Осень 1915 года оказалась несчастливой для всей антигерманской коалиции. В течение первого года войны в плен попали миллион семьсот сорок тысяч солдат и офицеров Антанты. Но даже страшной ценой потерь России не удалось удержать свои польские провинции. Южнее австрийцы вернули себе Черновцы. Только в конце ноября 1915 года русским войскам удалось стабилизировать свой фронт.

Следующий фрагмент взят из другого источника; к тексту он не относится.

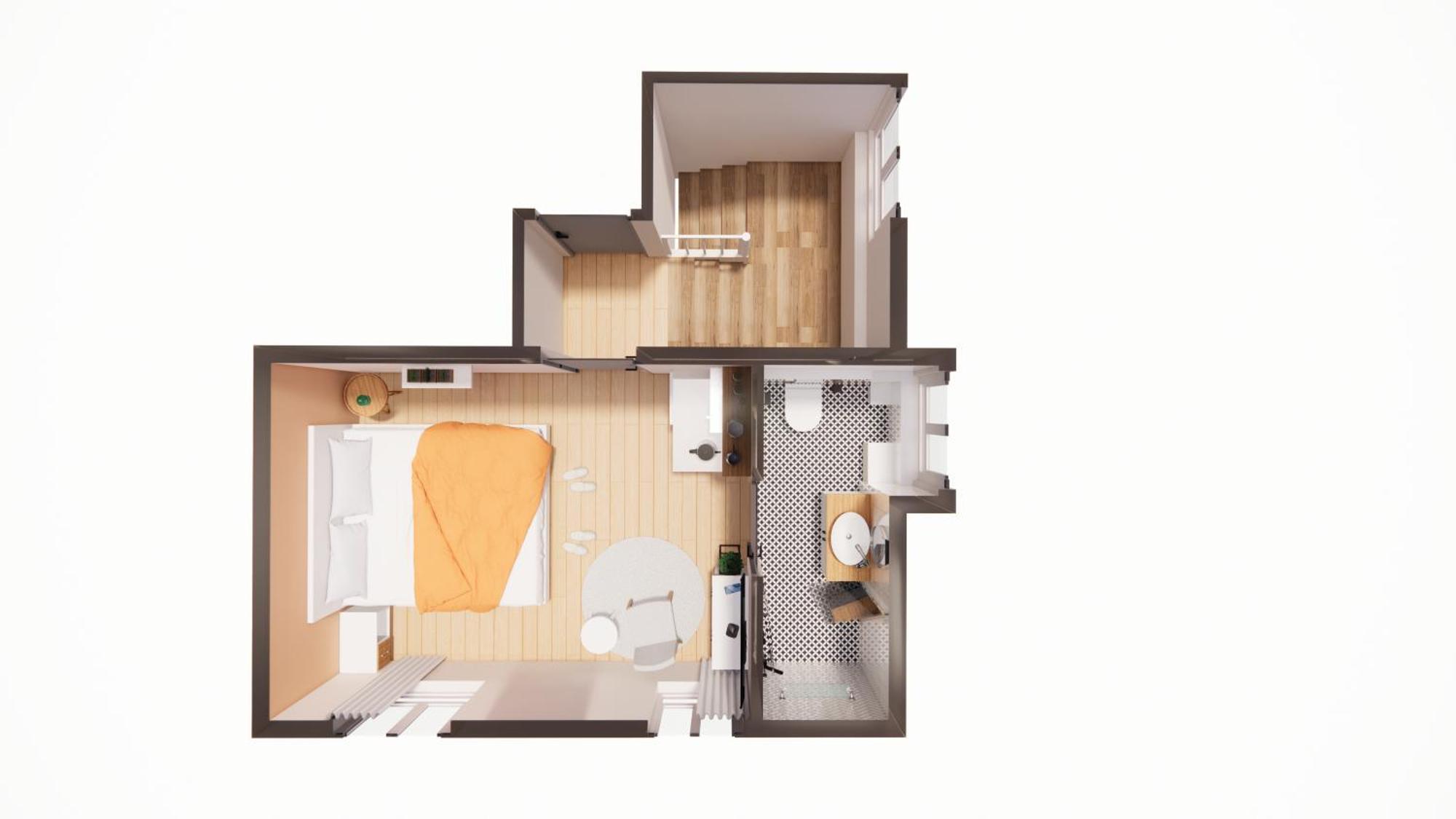 Mamilla View- Suites&Apt Hotel Gerusalemme Camera foto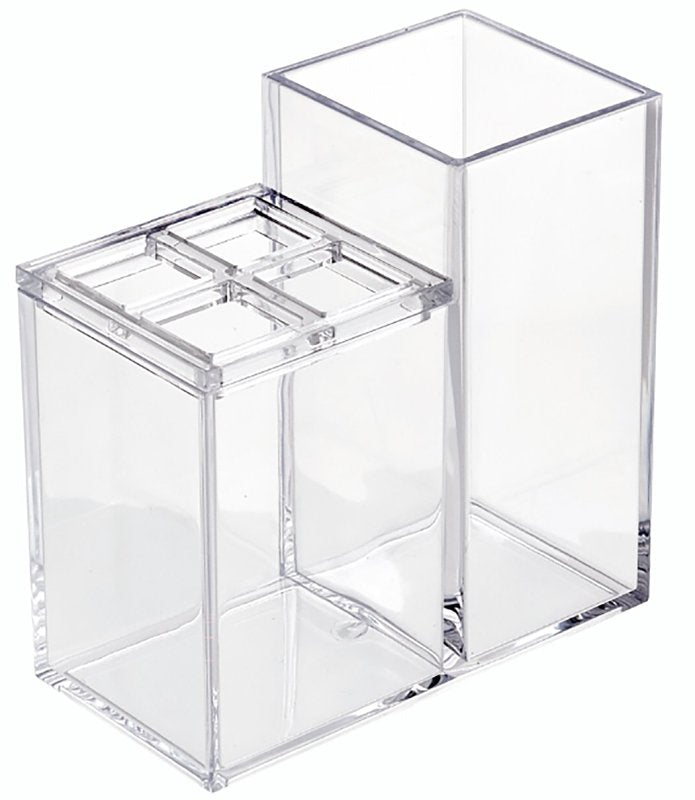 iDESIGN 42450 Storage Rack, Plastic, Wall, Pack of 6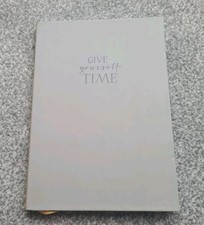 Mindfulness, Give Yourself Time, Wellness Journal, Planner, Self Care, Self Love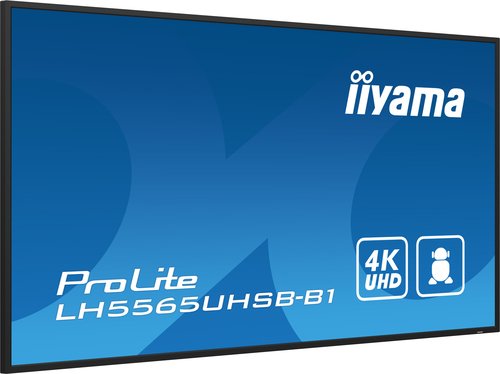 LH5565UHSB-B1 54.6IN IPS 4K - Achat / Vente sur grosbill.com - 5
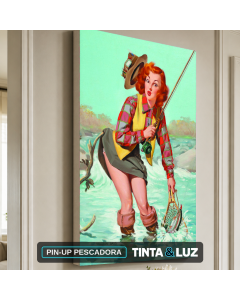 PIN-UP PESCADORA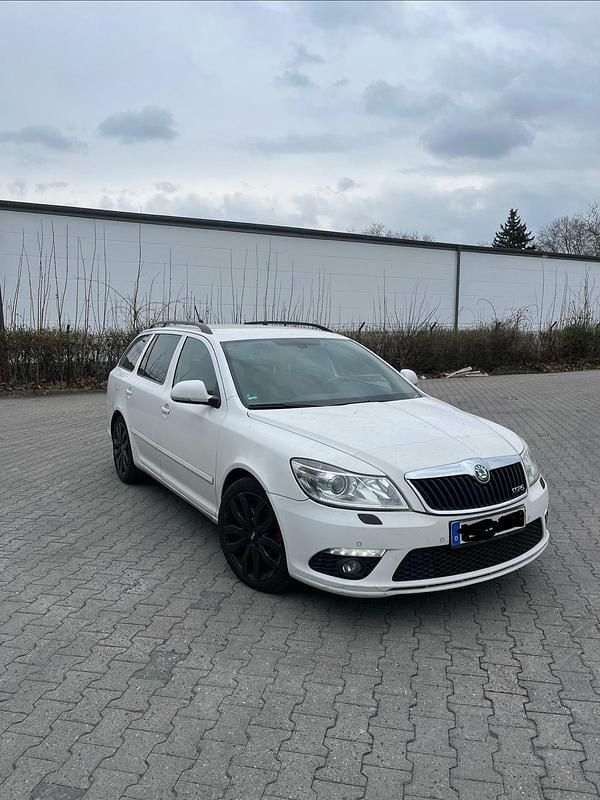 Gebraucht Skoda Octavia RS 2013 Weiß Kombi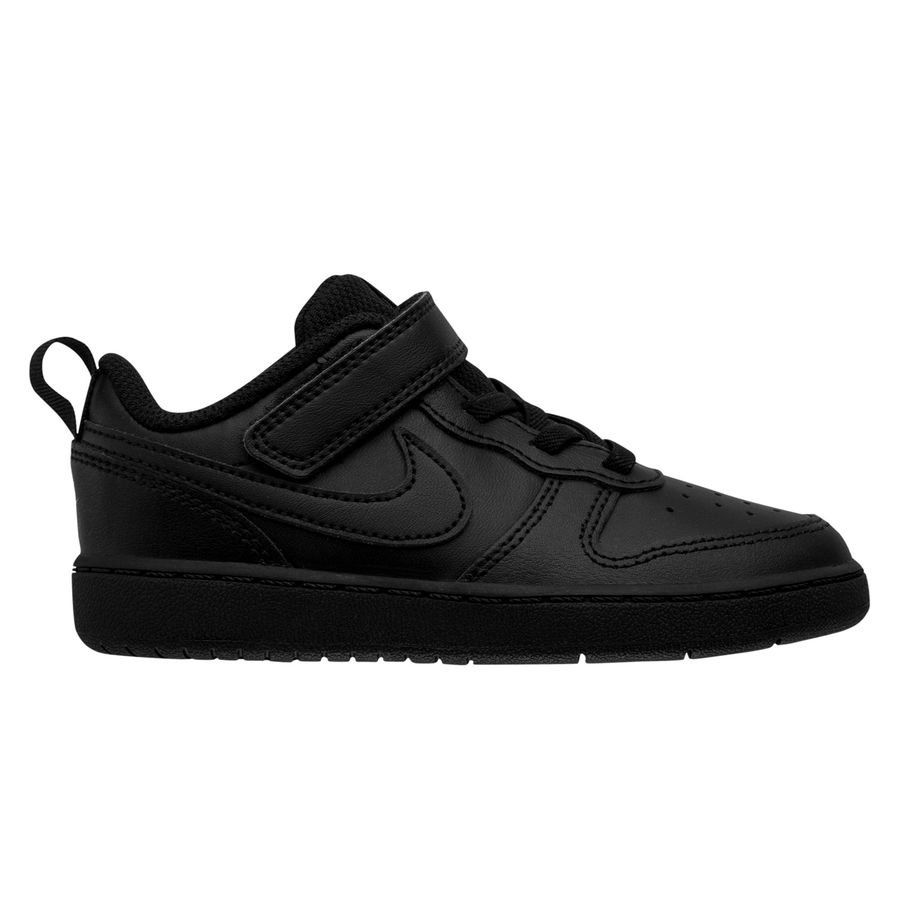 Nike Chaussures Court Borough Low 2 - Noir Enfant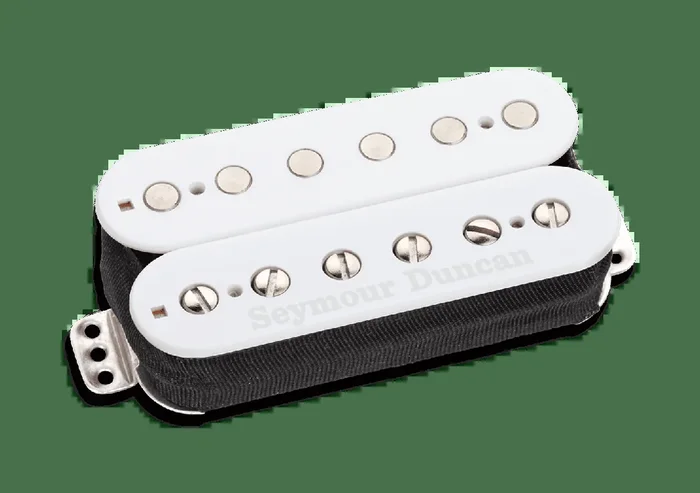 Seymour Duncan – TB-4 JB – Trembucker Bridge Pickup – Tremolo Spacing – White Finish (11103-13-W)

Англичане гибли у Лооса (60 тысяч погибших), французы в Шампани (почти 200 тысяч погибших) {159} , не достигнув никаких видимых результатов. Новый западный союзник России — Италия — получила жестокое боевое крещение на реке Изонцо. А через Адриатику 5 октября началась массированная артиллерийская подготовка австро-германского вторжения в Сербию. И хотя французы и англичане немедленно высадились на севере Греции — в Салониках, военное счастье отвернулось от Антанты и ее союзников и здесь. Орудия союзников не помешали немцам и австрийцам переправиться через Дунай, вынудив сербов 9 октября покинуть Белград. Австрийцы в тот же день пересекли границу Черногории, а через два дня к Центральным державам присоединилась Болгария. Ее войска преградили дорогу французам, и войска Центральных держав начали добивать войска антантовских стран поодиночке. С практическим исчезновением сербского фронта австрийский главнокомандующий генерал Конрад увидел возможность заключения сепаратного мира с Россией, о чем доложил императору Францу-Фердинанду в меморандуме от 22 октября. Но Вена упустила эту единственную, видимо, возможность спасти свою многонациональную империю.

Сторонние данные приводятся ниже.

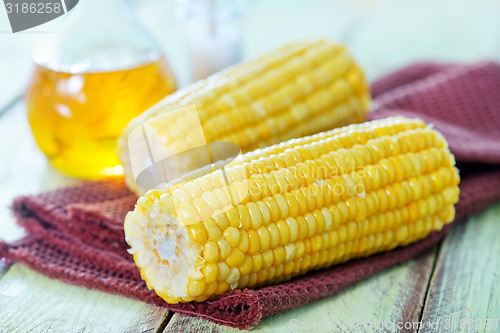 Image of boiled corn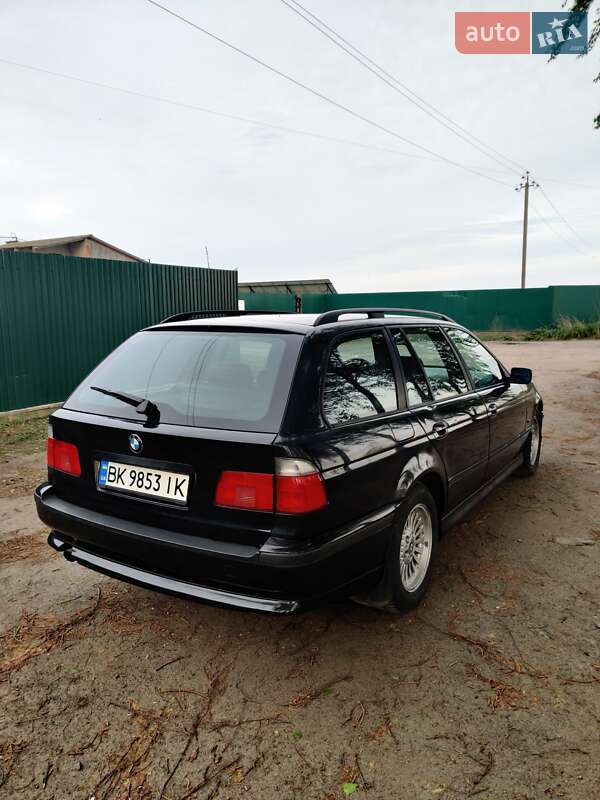 Універсал BMW 5 Series 1998 в Дубні фото 10 Універсал BMW 5 Series 1998 в Дубні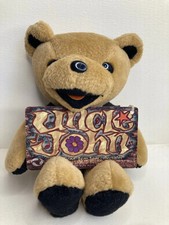 Grateful Dead Bean Bear Plush Toy stuffed toy 7in Edition 4 UNCLE JOHN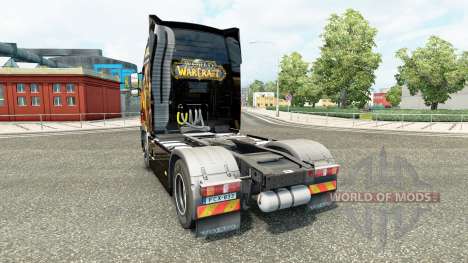 O World of Warcraft pele para a Volvo caminhões para Euro Truck Simulator 2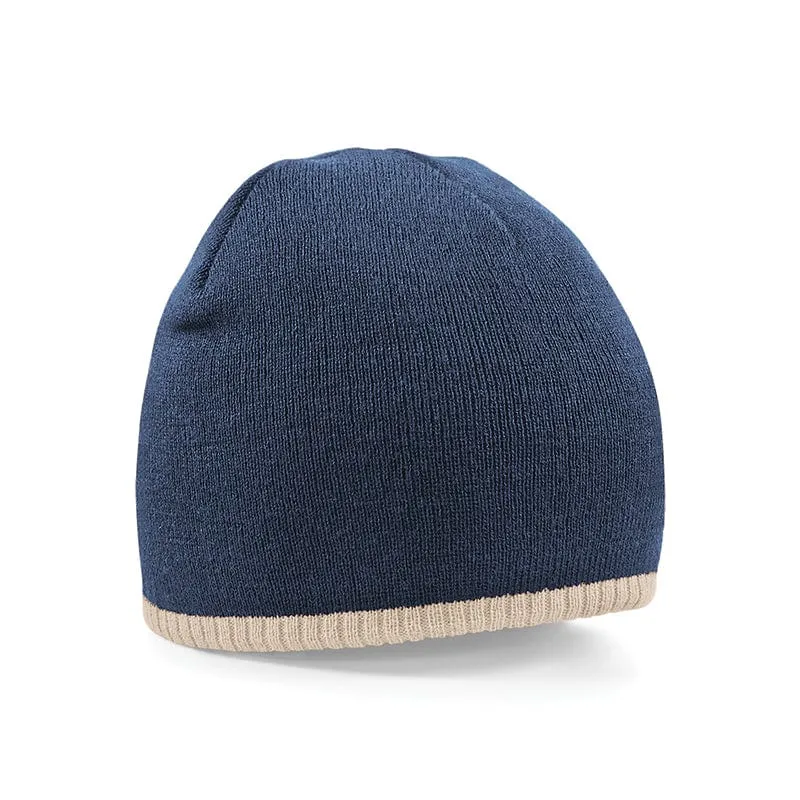 Beechfield Two-Tone Pull On Beanie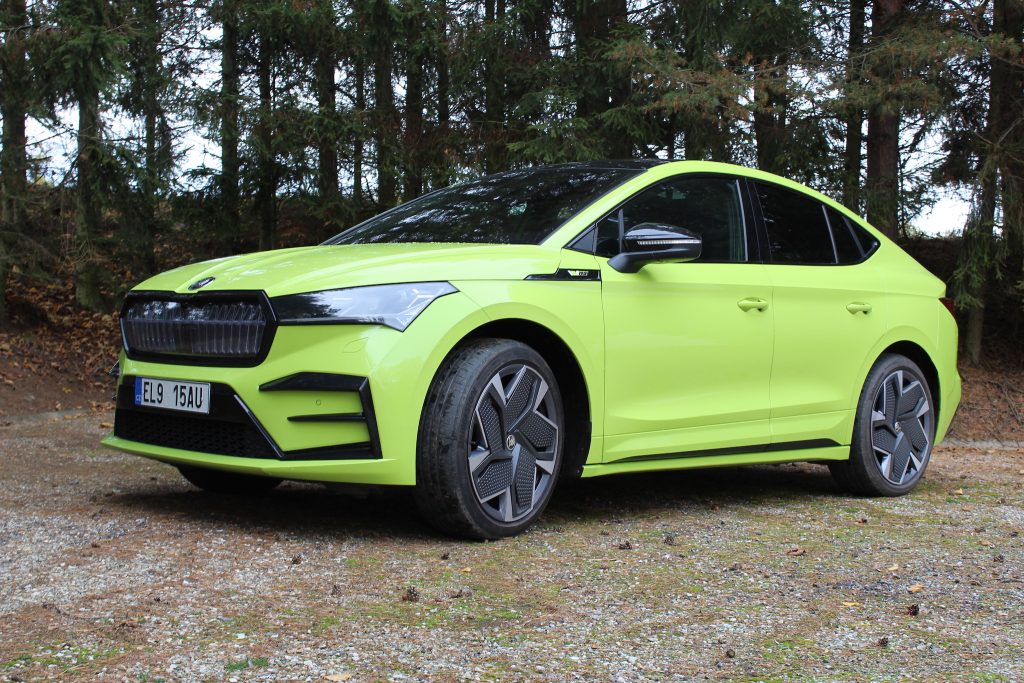 TEST: Škoda Enyaq Coupé RS iV – ostrá elektrická střela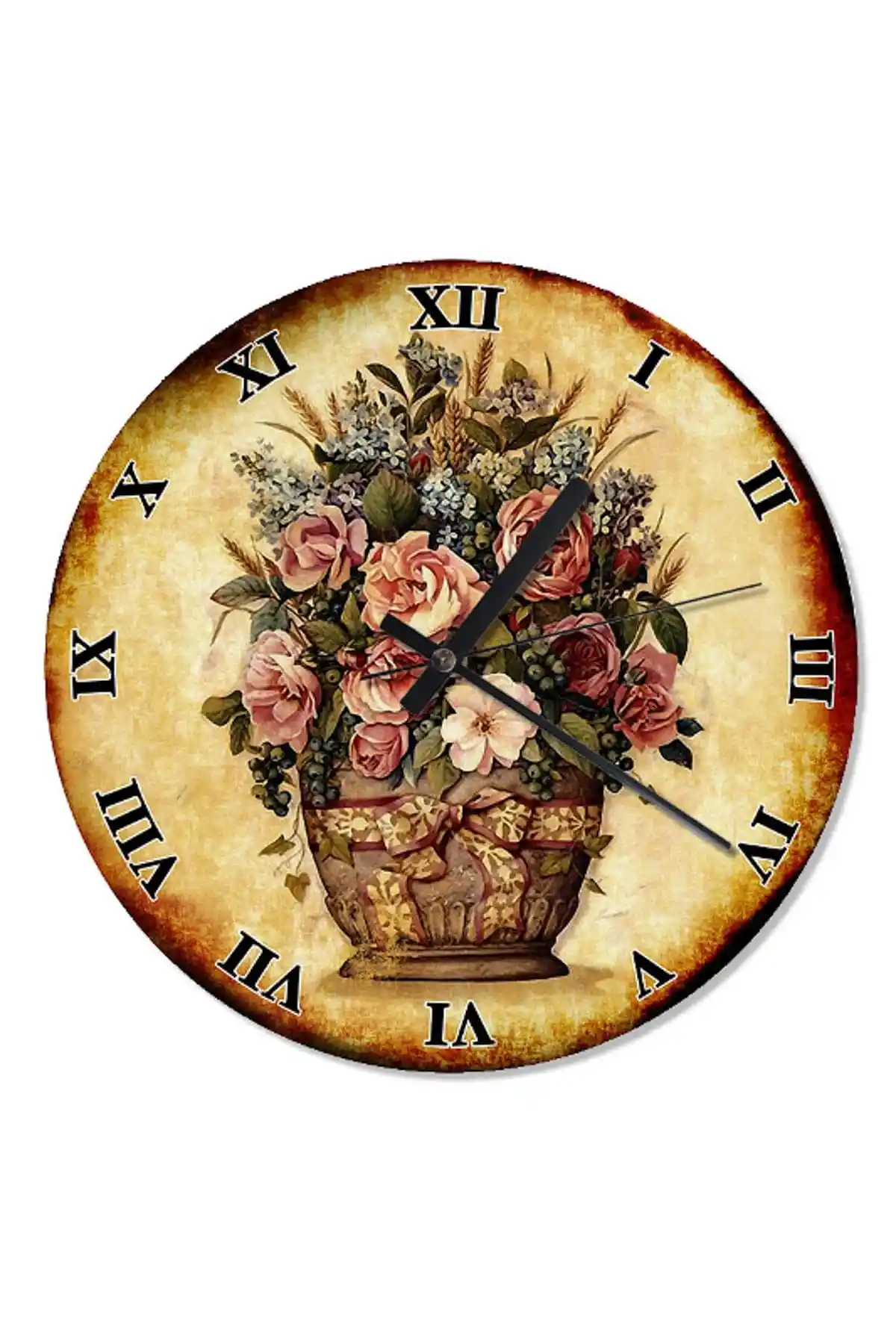 Çiçek Sepeti ve Kum Saati ile Dekorasyonda Zarafet ve İşlevselliğin Buluşması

Набрался высокомерия и кайзер. Американского посла Джеймса Джерарда он предупредил от поставок подводных лодок англичанам и счел нужным высказаться по поводу будущего: «Я не потерплю никаких глупостей от Америки после окончания этой войны». Вождей Центральных держав можно понять — их войска одерживали победы буквально на всех фронтах. В ноябре австрийцы опрокинули итальянцев у Изонцо Французы отступили в Шампани. Англичане потерпели сокрушительные поражения в Галлиполи (Дарданеллы) и в Месопотамии. Англичанам удалось уговорить французов эвакуировать фронт в Северной Греции (Салоники). Но царь Николай послал премьеру Асквиту телеграмму с сожалением по поводу этого решения. Китченер и Грей возвратились во Францию и аннулировали прежнее решение, Китченер: «Добрые чувства между союзниками были восстановлены».

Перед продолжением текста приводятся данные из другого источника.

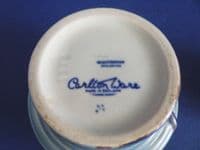 Rare Carlton Ware 'Night Oak' Preserve Pot c1935 (Sold)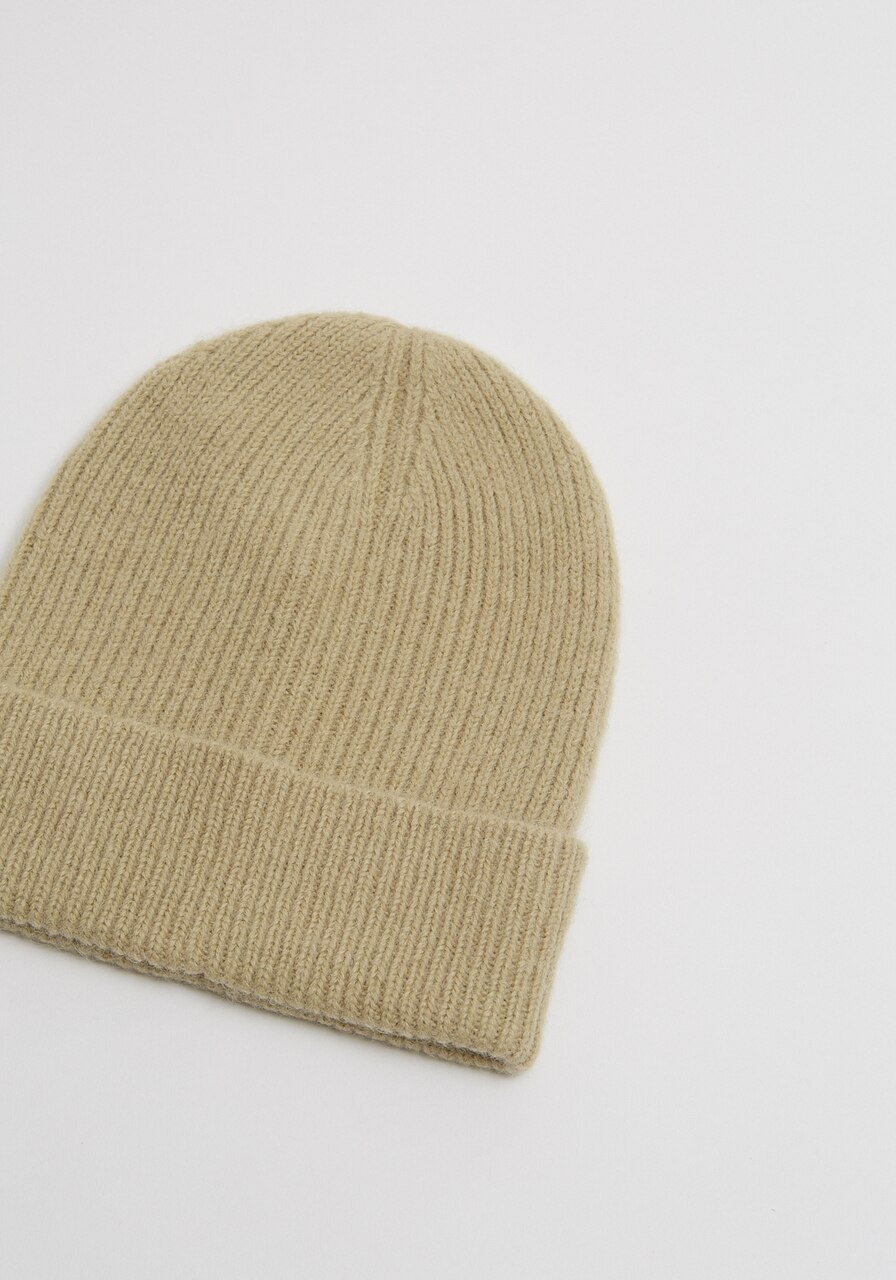 Micaela Greg Ribbed Hat - Willow | Garmentory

Но не чувства тех, кто видел недостатки стратегов союзных держав. Дэвид Ллойд Джордж выразил чувства многих, когда «взорвался» в палате общин: «Слишком поздно двигаться там, слишком поздно отправляться здесь. Слишком поздно мы пришли к этому выводу. слишком поздно мы начали свои операции, слишком поздно их готовили! В этой войне движения союзных войск прошли под этим издевательским знаком „слишком поздно“, и, если мы не ускорим наши движения, проклятие падет на наше святое дело, которому отдано так много крови храбрецов» {160} . Под давлением Жофра было выработано совместно решение о наступлении на Западном фронте летом 1916 года одновременно в северном и южном течении реки Соммы, на фронте в шестьдесят километров. (Жофр полагал, что немцы подходят к пределу своих возможностей, их резервы иссякают. В то же время создаваемая Китченером новая британская армия и нарастание артиллерийской мощи союзников позволяет надеяться на то, что на Сомме судьба войны будет все же решена).